Technocultural Studies professor documents America

History and context are important to Jesse Drew. The director of technocultural studies here at UC Davis currently has a gallery of photos at SF Camerawork.

The photos are part of a series titled Winter in America, named after the Gil Scott-Heron album and song. At the age of 17, Drew moved throughout the United States starting in the winter of 1974 and on into 1975, making his way from protest to protest, taking photos of active participants during these demonstrations. He made his way from the East Coast to the Midwest, finally moving to California.

During this time, a young Drew witnessed the aftermath and response to the Attica Prison Riots while in Buffalo, NY. He was among thousands of working-class protesters angry over unemployment in Washington, D.C. In South Boston, he saw both anti-racism and racist demonstrators fighting over the last major segregated school district. He took photos of César Chávez talking to Latino farmworkers.

Drew describes 1974 through 1975 as “a time of great crisis in the U.S., with a strong recession, an energy crisis, a failed war and, increasingly, levels of poverty and uncertainty.”

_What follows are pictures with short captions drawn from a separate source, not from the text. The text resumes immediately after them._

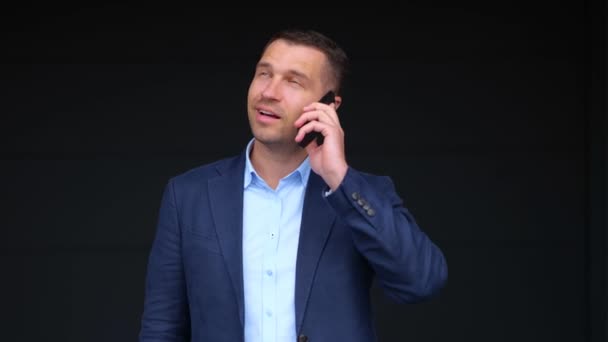 Close up portrait of handsome cheerful businessman speaking on mobile phone while standing outdoor near office center. Happy young confident man in suit chatting on smartphone. Real time concept. - Footage, Video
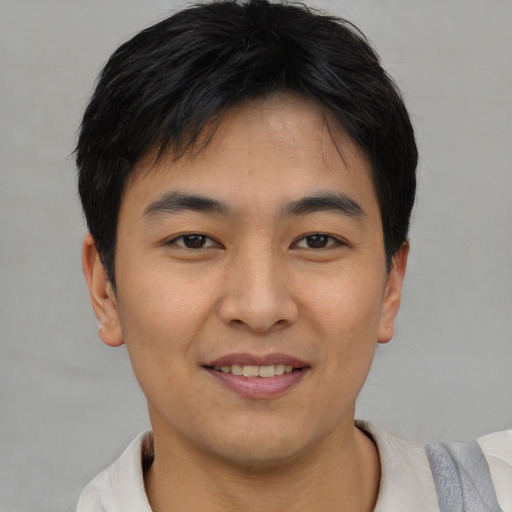 Joyful asian young-adult male with short  brown hair and brown eyes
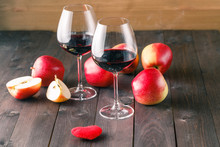 Two Wine Glass And Red Heart On Wooden Table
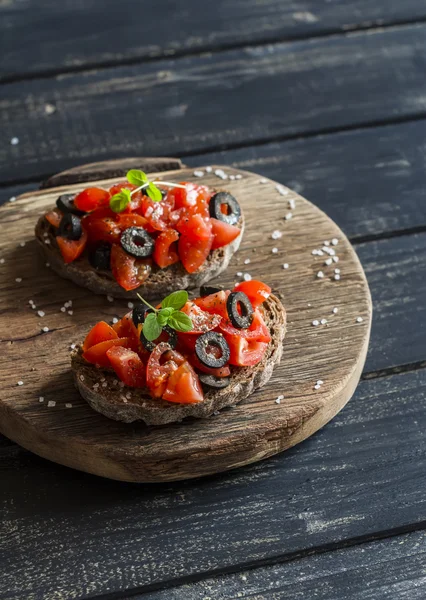 Tomato and olive bruschetta on rustic wooden board. Healthy delicious snack or appetizer with wine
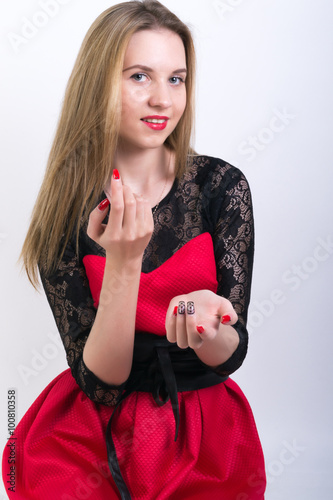 Close-up of attractive woman making hand gesture beckoning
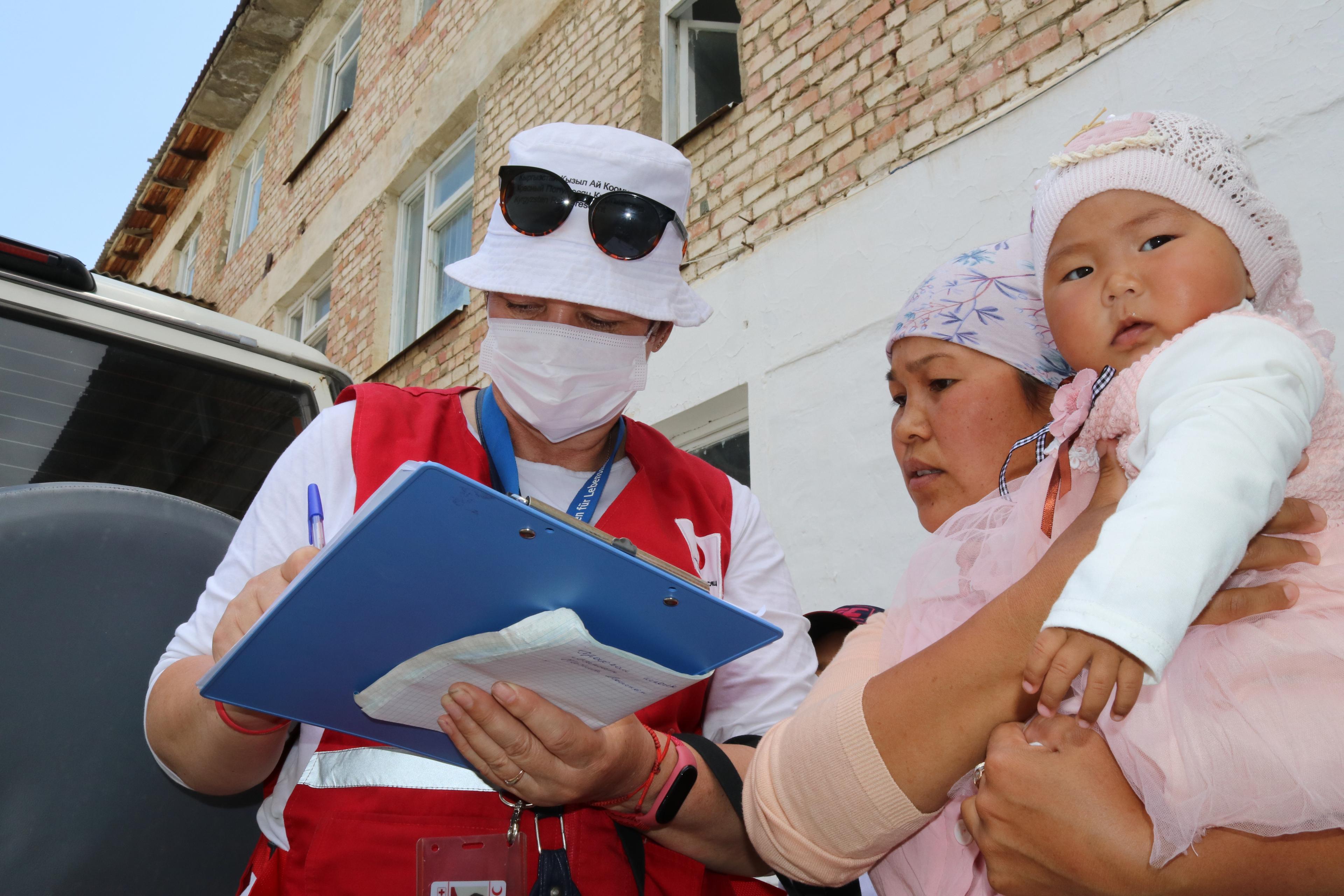 A woman market with Red Cross waistcoat wearing a sanitary mask writingon a sheet and a woman with child in her arms at her right looking at the sheet.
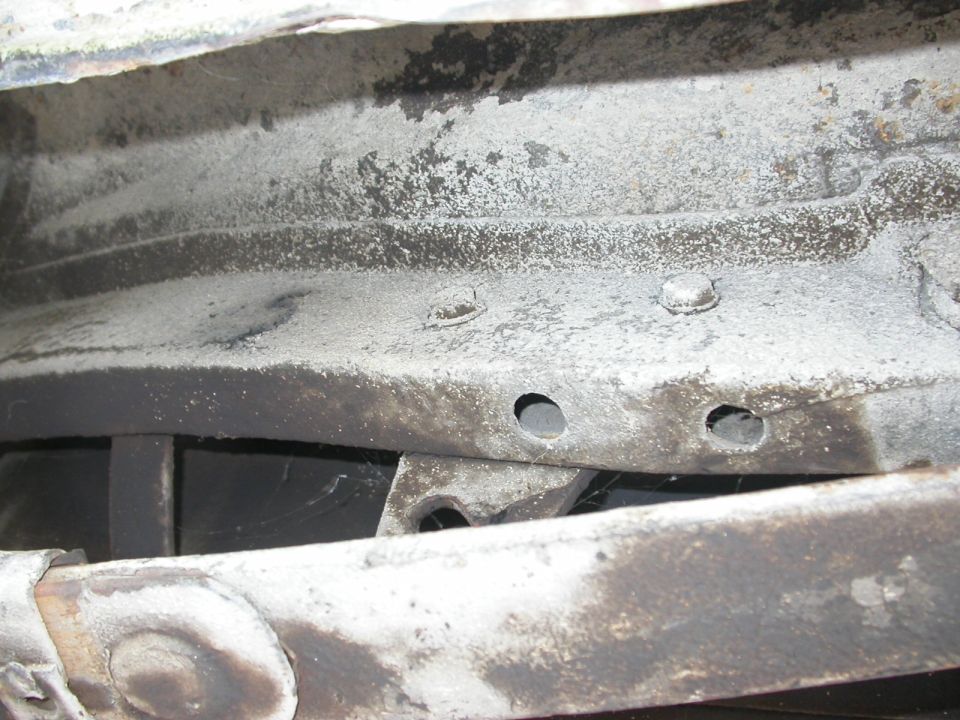 Close-up of rusty metal frame and suspension parts of a vehicle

The Winter in America gallery of photos draws numerous comparisons and parallels to political demonstrations today. While we can see and feel the uncertainty of the current economic climate, Drew was more interested in portraying the type of people who were at the demonstrations during this time.

Winter in America personifies the period of time after the 1960s,” Drew said. “After this revolutionary high and then in the 1970s, we fell into a depressed era. The U.S. lost its supremacy in the world, the nation was wracked by unemployment, there was oil and gas shortage, urban decay and the defeat in Vietnam. To be a protester during this time, you had to be a more committed person. It was a much more dangerous time.

“I was interested in the kind of people who would come out to events like that, to put their lives on the line,” Drew said. “There was this ethos of winter soldiers — these were people who were really committed to fighting for social justice even when it wasn’t popular. Through the ‘70s it wasn’t popular; I was interested in who was left here. If you look at the faces in the crowd, they’re not the well-scrubbed college student types; they were grittier people, people who were left behind.”

Drew describes the protests of the time as the people without anywhere to go. They included ex-prisoners, African Americans, individuals of developing nations, Native Americans, working-class whites, Vietnam veterans, runaways and fugitives. These were the Winter Soldiers of 1974 and 1975.

At the time, Drew lived as a vagabond, traveling and hitchhiking his way across America. He shot the photos using a hand-me-down Tri-X black-and-white camera, giving the photos a graininess, grittiness and character that poignantly evokes the mood of the time. One question that was brought up is how he was able to travel the country with little money.

“There was a lot less suspicion. People valued more personal experiences with others,” Drew said. “It was easier to meet people then. I traveled and stayed with a lot of these people. Back then, because of the communal network, it was much easier; it gave me an in to a lot of places. I had a notebook and people would tell me their friends’ names, organization and political collectives; I would call someone and ask if I could crash at their place and always I could.”

Besides the interesting faces, what Drew hopes most students take away from Winter in America and his recovered photos is the importance of history and the lessons it brings.

“I want to show students that these political struggles and movements were happening in the not-too-distant past. I want students to realize that it’s going to be a long haul; it takes time to change things,” Drew said. “Like the people of the time, it’s important for us to maintain humor and humanity through it all.”

The Winter in America photo gallery will be on display at SF Cameraworks in San Francisco until April 21. Drew has a home page at jessedrew.com detailing all his current and upcoming work.